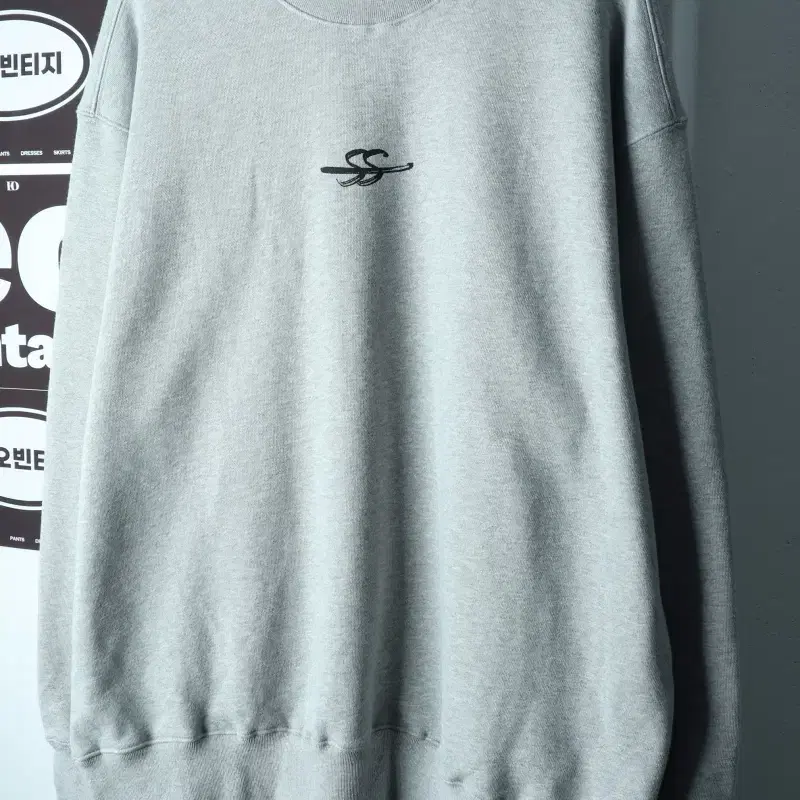 (L-XL) 쏠란트 맨투맨 티셔츠 새상품 오버핏 그레이-H39281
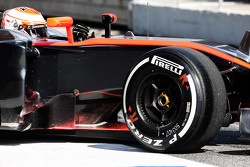 Jenson Button, McLaren MP4-30, mit Flow-Viz-Farbe auf den Seitenkästen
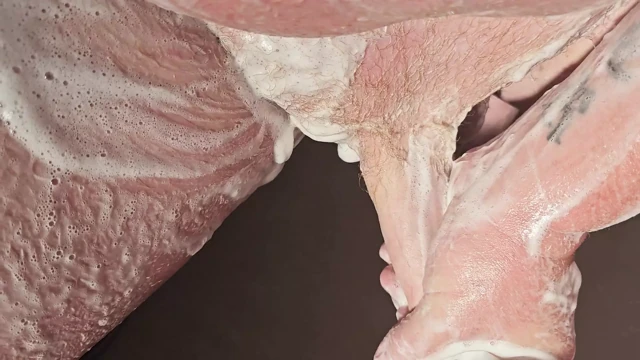 Beyaz yarağı sabunlıyor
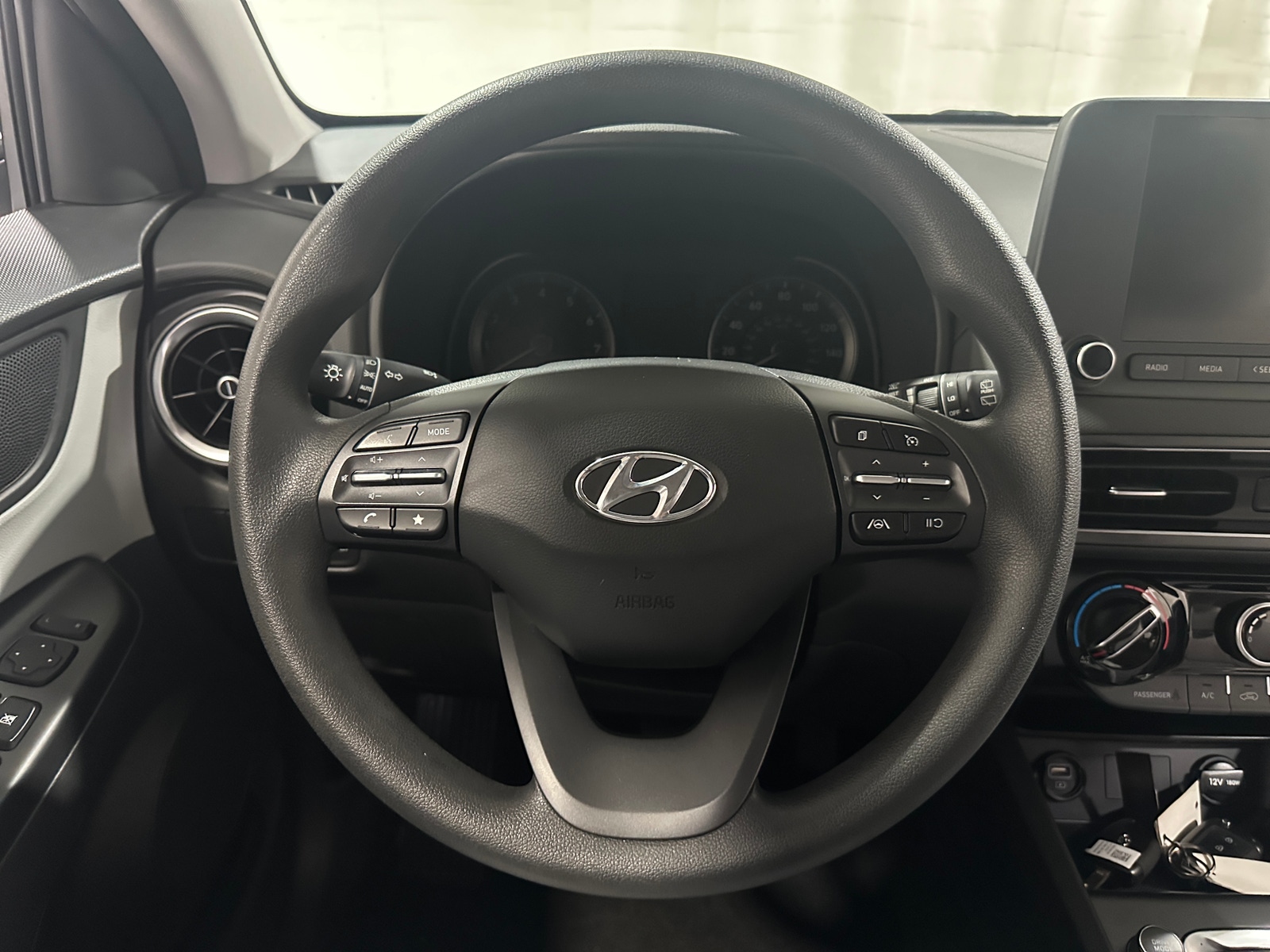 Thumbnail: 2023 Hyundai Kona - 5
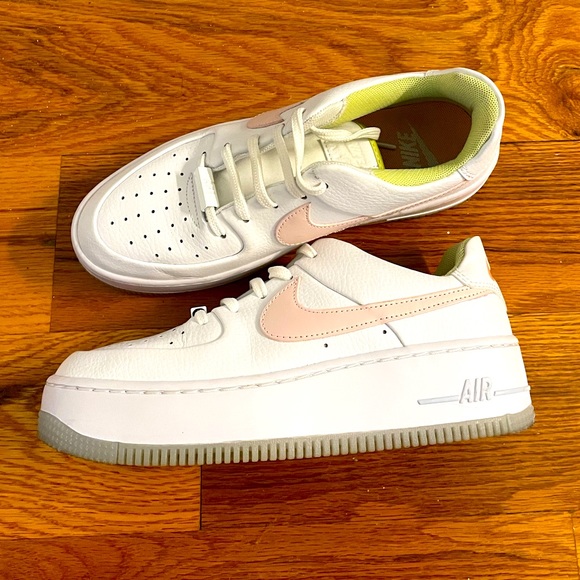 Nike AF1 - Picture 2 of 5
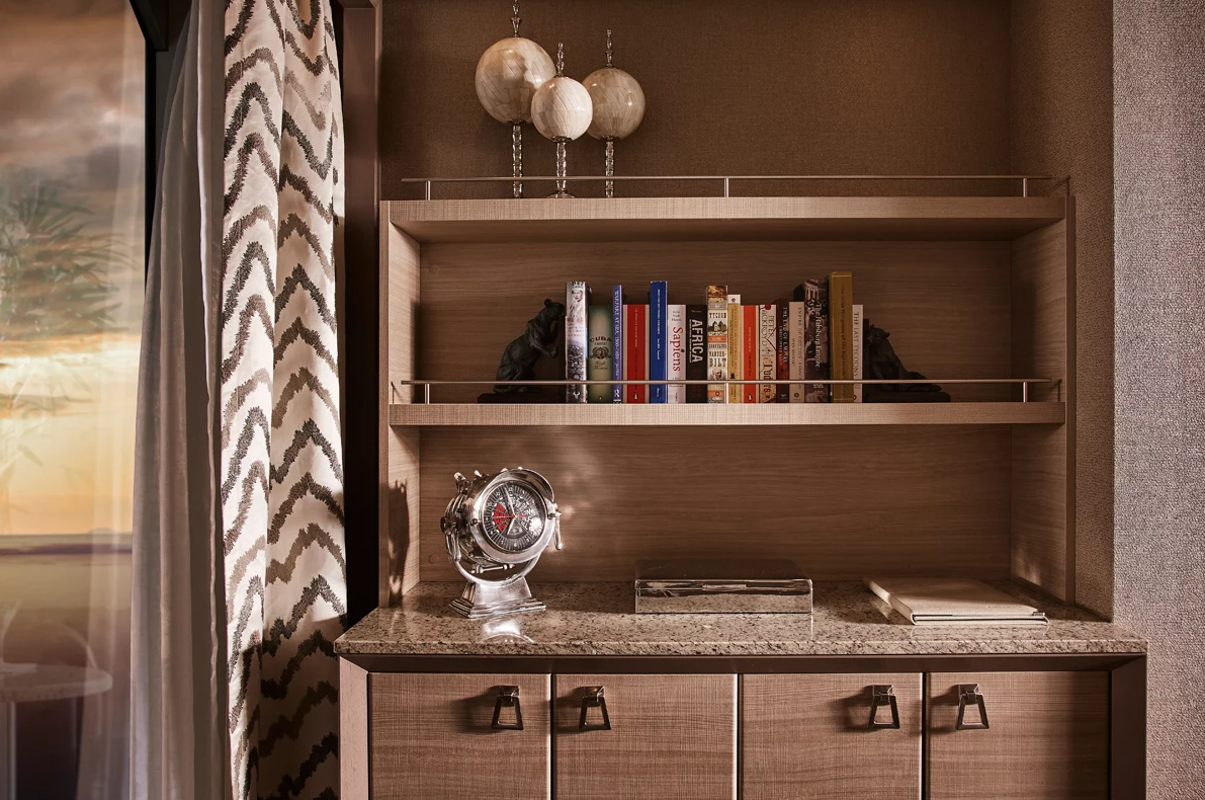 Silversea Cruises - Silver Moon - Owners Suite 1.png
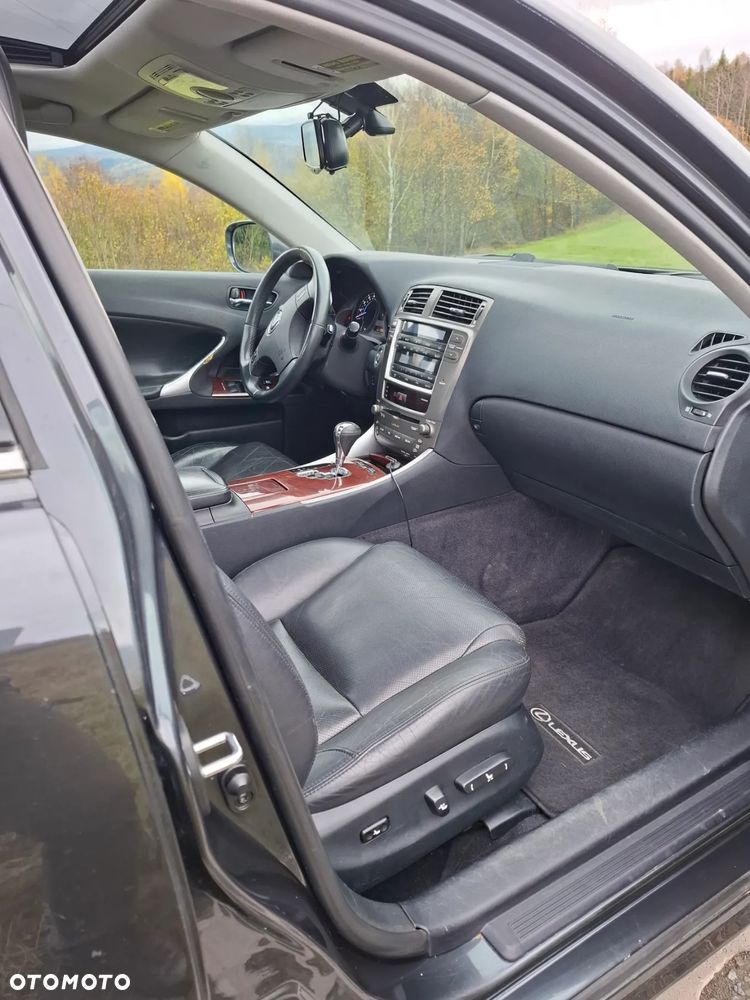 Lexus IS 250 - 15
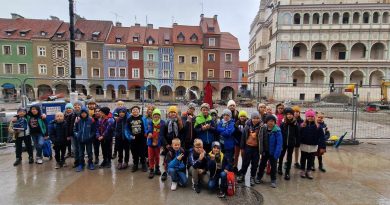 Dzieci stoją na Starym Rynku przed Ratuszem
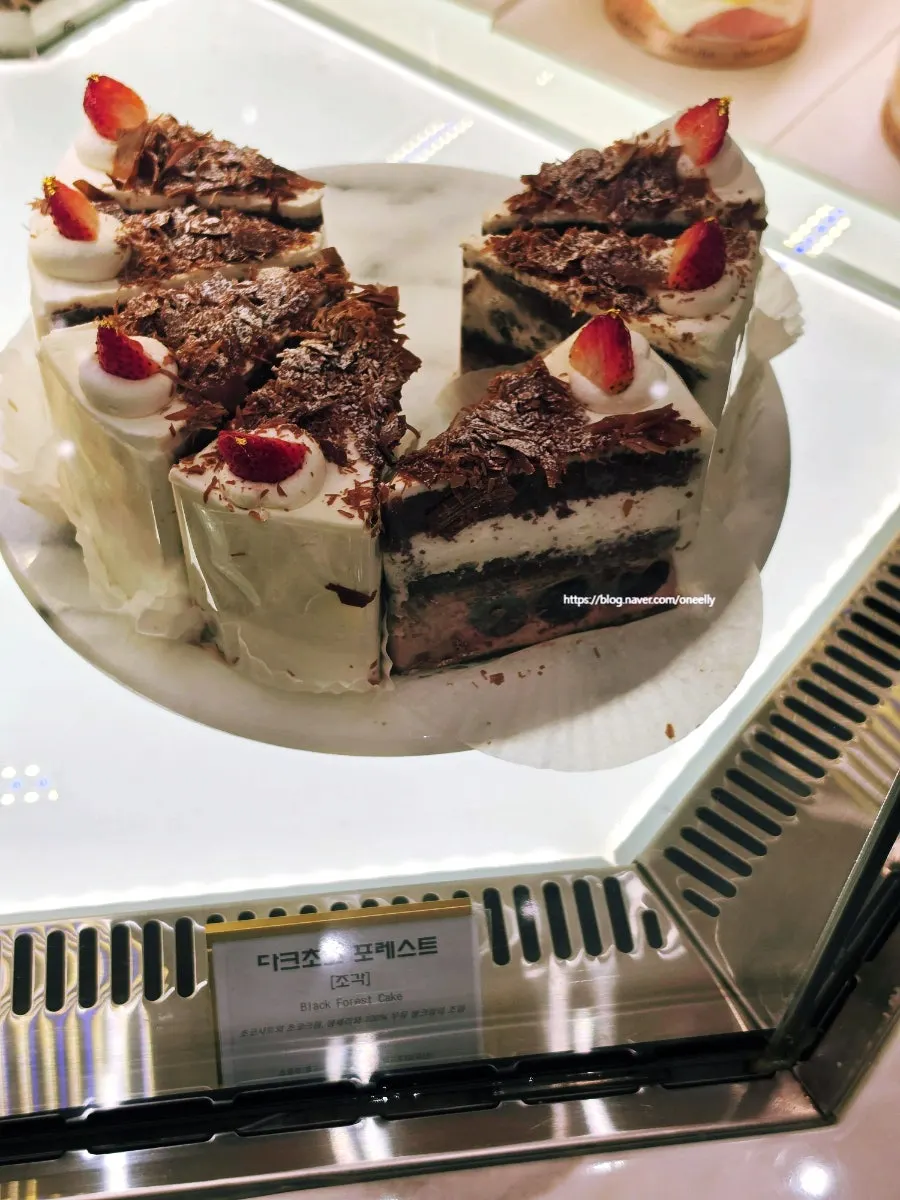 Display of Chef Cho's fruit cakes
========================================
WHAT IS EXPECTED
Beginning at the line that holds "Silversea Cruises - Silver" and ending with the last line of the entries, please set down each line exactly, leaving every picture out.

ANSWER BOX
 Silversea Cruises - Silver Moon - Owners Suite 1.png
 Lexus IS 250 - 15
 Dzieci stoją na Starym Rynku przed Ratuszem
 Display of Chef Cho's fruit cakes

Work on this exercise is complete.